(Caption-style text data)
>>>>
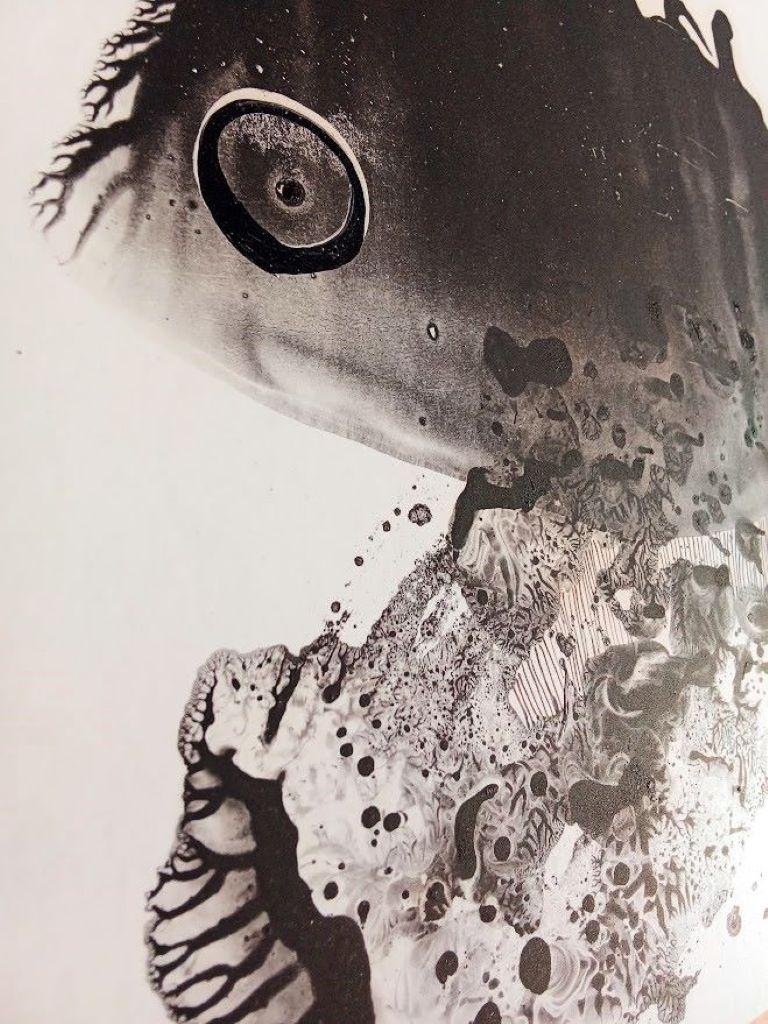 Untitled 9 - Abstract Mixed Media Art by Eva Pacheco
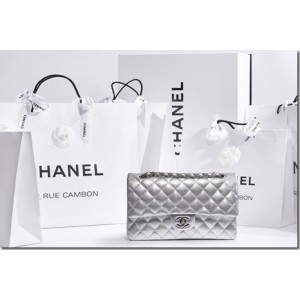 Chanel A01112 Y01582 45002 Borse Quilted In Pelle Di Agnello Lem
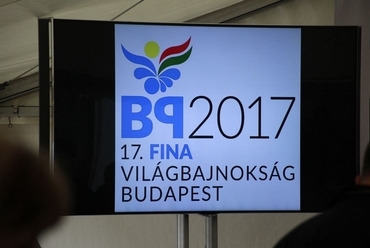 A 2017-es budapesti világbajnokság emblémája  - fotó: Horváth Réka Lilla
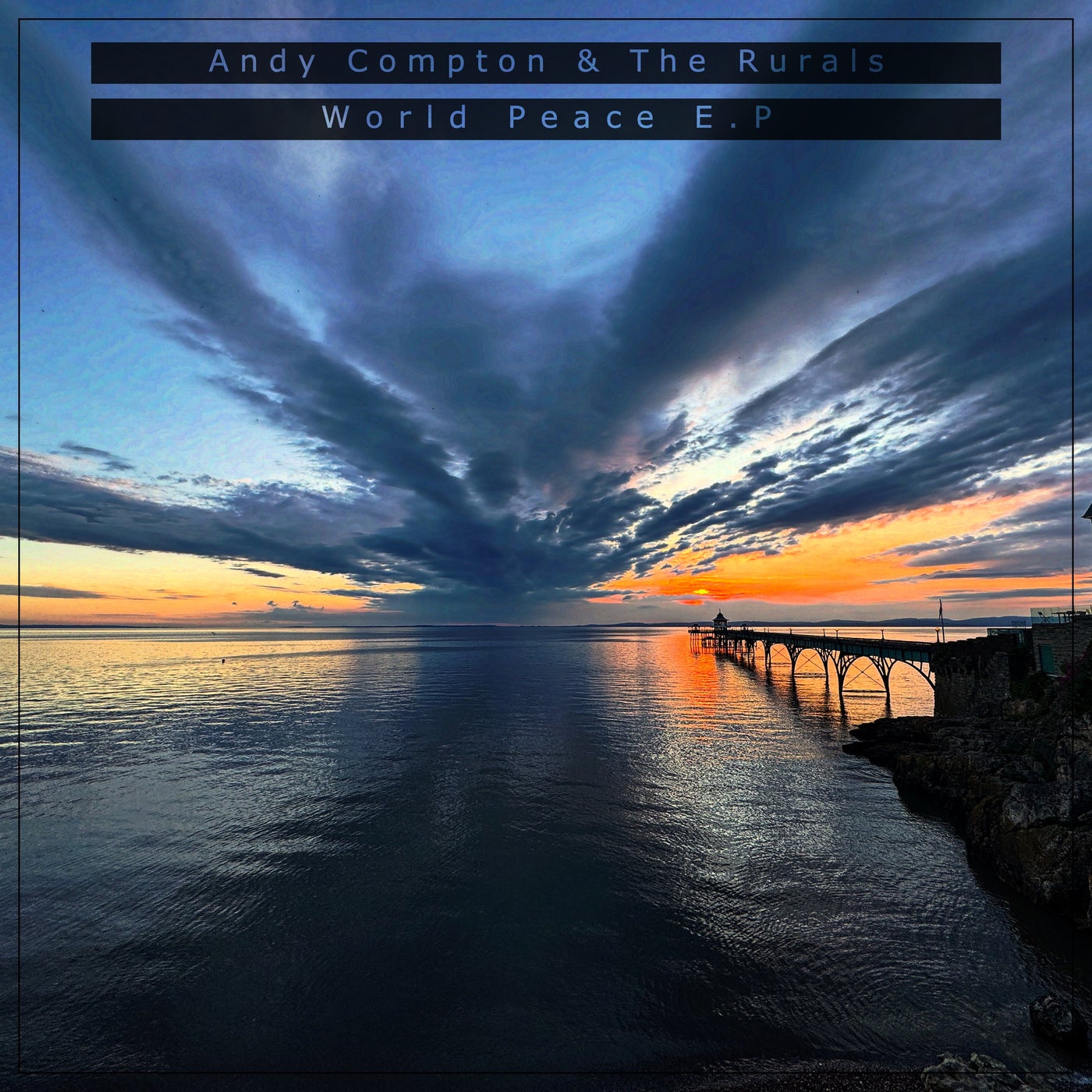 Charlie Hearnshaw, Anders Olinder – World Peace E.P [DIGI–PENG148]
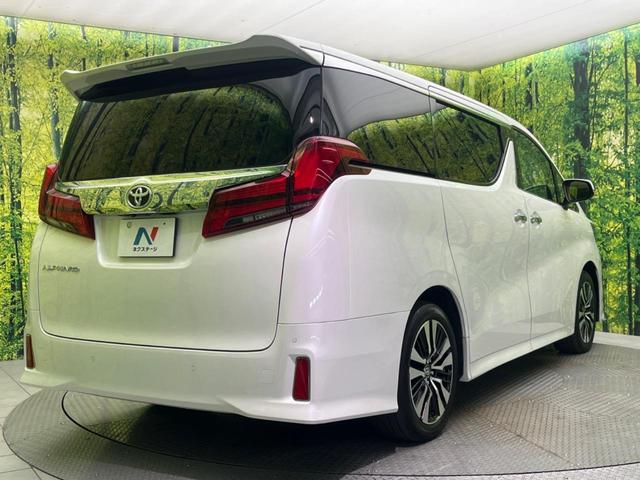 アルファード 2.5S Cパッケージ サンルーフ 両側電動ドア 後席モニター デジタルミラー 衝突被害軽減装置 レーダークルーズ 禁煙車 電動リアゲート レザー調シート 前席シートエアコン ドラレコ コーナーセンサー スマートキー(18枚目)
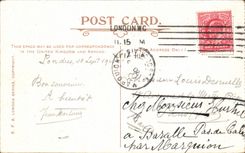 CPA London london Leicester Public garden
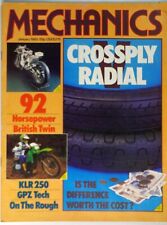 Mechanics Magazines January 1985 Motorcycle Dirt Bike MX Vintage Motocross picture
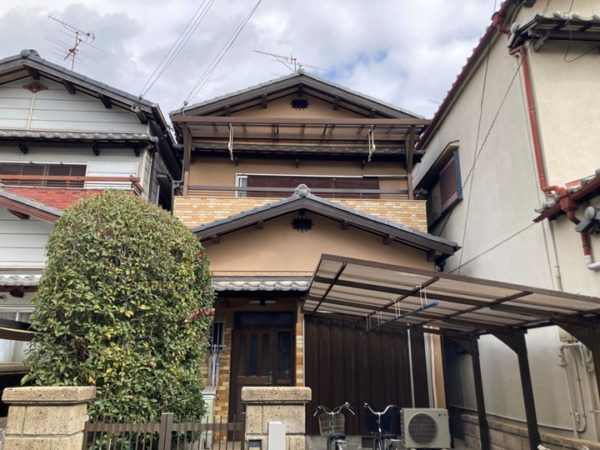 堺市西区　F様邸　外壁塗装工事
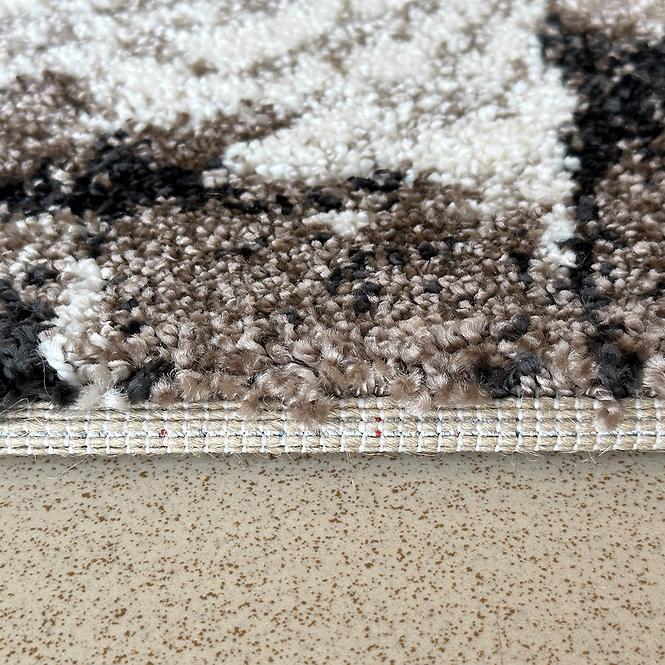 Szőnyeg Frisee Super Soft 1,6/2,3 4226A barna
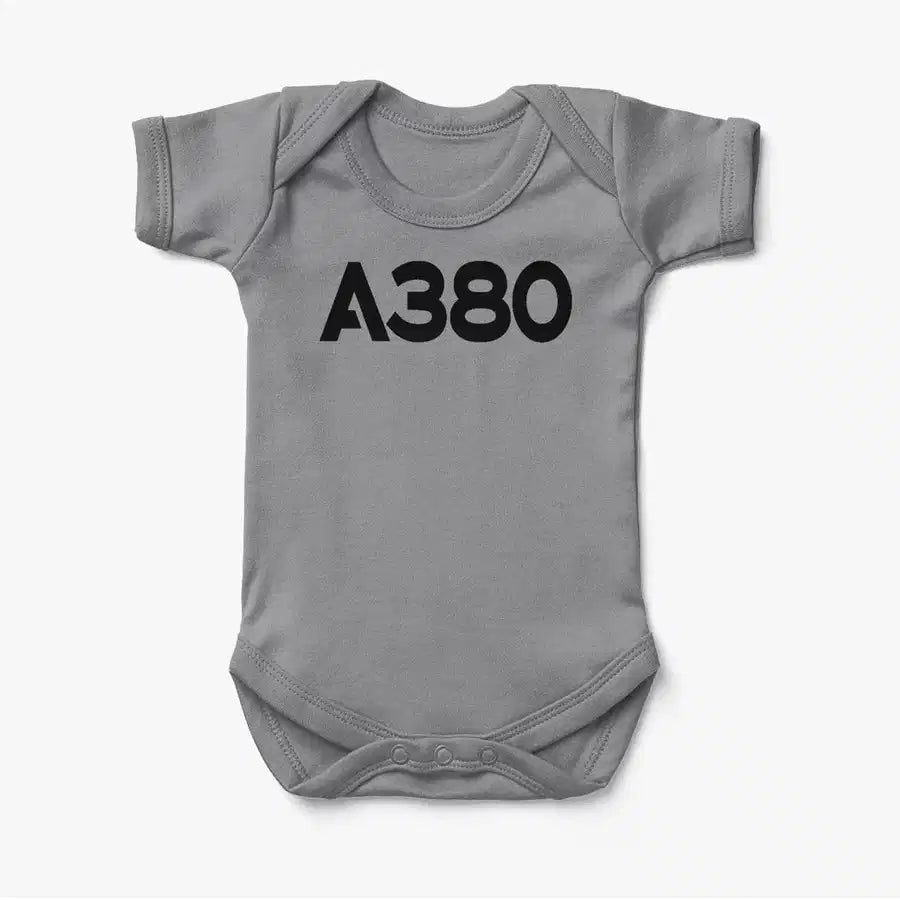 Airbus A380 Baby Bodysuit - view 7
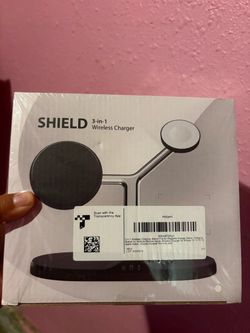 Shield 3-in-1 Wireless Charger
<<<<
* Task details:
Reproduce each line of the records above, exactly and without pictures.

* Reply:
 Untitled 9 - Abstract Mixed Media Art by Eva Pacheco
 Chanel A01112 Y01582 45002 Borse Quilted In Pelle Di Agnello Lem
 A 2017-es budapesti világbajnokság emblémája  - fotó: Horváth Réka Lilla
 Charlie Hearnshaw, Anders Olinder – World Peace E.P [DIGI–PENG148]
 アルファード 2.5S Cパッケージ サンルーフ 両側電動ドア 後席モニター デジタルミラー 衝突被害軽減装置 レーダークルーズ 禁煙車 電動リアゲート レザー調シート 前席シートエアコン ドラレコ コーナーセンサー スマートキー(18枚目)
 CPA London london Leicester Public garden
 Mechanics Magazines January 1985 Motorcycle Dirt Bike MX Vintage Motocross picture
 堺市西区　F様邸　外壁塗装工事
 Szőnyeg Frisee Super Soft 1,6/2,3 4226A barna
 Airbus A380 Baby Bodysuit - view 7
 Shield 3-in-1 Wireless Charger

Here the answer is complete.